The docker build process will not run database migrations. The application will repopulate its data folder using the template on startup if it detects its data to be missing. You will therefore have to copy your migrated database file over to the data.template folder when you migrate the database during development.
This also means that you will have to run them manually in case you want to update the database of a deployed instance to a new schema.
The docker container and application do not migrate an existing DB automatically when upgraded. You will therefore have to manually migrate the database when updating the version / schema on a deployed instance.
This can be achieved by downloading the database and running migrations locally. Another option is to run the migrations using the deployed instance in the docker container. This can be achieved by e.g. manipulating the start command of the deployed docker container to run the migration command. The application itself mustn't be running during the migration.
Further details of implementing this are left to the reader.
The project uses django's internationalization mechanism for translation.
HTML Template files and dynamically generated content in python code refer to keys for each string literal that has to be translated using the translate and blocktranslatetags and the gettext methods. The translation for each specific language and each key can be found in ./src/{appdir}/locale/{lang}/LC_MESSAGES/django.po.
After new keys for translation have been created using the html template tags translate and blocktranslate or the python ugettext_lazy method in code, the translation files need to be regenerated. This can be achieved my navigating to the app's directory and running the following commands:
cd ./src/{appdir}/
django-admin makemessages -l en
django-admin makemessages -l de
django-admin is installed alongside django if you are using the pip dependency manager. You might have to enable your virtual environment.
You should now have all the new message keys in your translation files.

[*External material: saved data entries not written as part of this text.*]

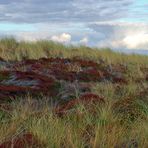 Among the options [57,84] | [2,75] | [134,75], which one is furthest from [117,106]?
[134,75]

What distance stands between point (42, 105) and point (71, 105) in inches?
58.6

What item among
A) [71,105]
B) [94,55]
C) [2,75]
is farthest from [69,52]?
[71,105]

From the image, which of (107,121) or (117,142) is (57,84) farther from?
(117,142)

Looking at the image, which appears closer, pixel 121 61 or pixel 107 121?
pixel 107 121

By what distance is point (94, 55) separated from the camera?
78.9 feet

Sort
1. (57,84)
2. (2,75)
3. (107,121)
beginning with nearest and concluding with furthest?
(107,121)
(57,84)
(2,75)

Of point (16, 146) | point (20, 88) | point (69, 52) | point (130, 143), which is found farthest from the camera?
point (69, 52)

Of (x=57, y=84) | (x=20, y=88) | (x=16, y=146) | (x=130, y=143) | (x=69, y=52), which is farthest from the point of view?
(x=69, y=52)

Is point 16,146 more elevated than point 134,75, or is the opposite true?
point 16,146

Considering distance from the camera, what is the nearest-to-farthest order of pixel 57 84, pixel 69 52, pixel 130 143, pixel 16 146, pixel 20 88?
pixel 16 146 < pixel 130 143 < pixel 20 88 < pixel 57 84 < pixel 69 52

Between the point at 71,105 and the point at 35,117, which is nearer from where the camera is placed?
the point at 35,117

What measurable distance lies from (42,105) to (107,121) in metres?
2.94

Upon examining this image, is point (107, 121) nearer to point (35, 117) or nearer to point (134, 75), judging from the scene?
point (35, 117)

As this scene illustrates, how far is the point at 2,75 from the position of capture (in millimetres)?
13930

You can now manually edit their translations in the django.po files. Once you are satisfied, just run
django-admin compilemessages
in the same directory to compile them to django.mo files which will then be used by the actual application.
You also have to do this if you modify them later on.
Some other noteworthy information:
Fakebook uses a framework for user authentication which brings its own User class. Additionally, on user creation, it creates and links its own Profile object to the new user. The user is used for authentication (loginname, password, email), the profile for everything else Fakebook related (firstname, lastname, bio, ...).
There are some duplicate fields on them, firstname and lastname on the User are ignored, and email on the profile is ignored.
The variable naming in code is quite inconsistent. In most cases relating to business logic profiles are used but are called users (which leads to the beautiful user.user statement). So make sure to check which one it is in either case.
If you set a firstname on a user's profile, it will be displayed instead of the username.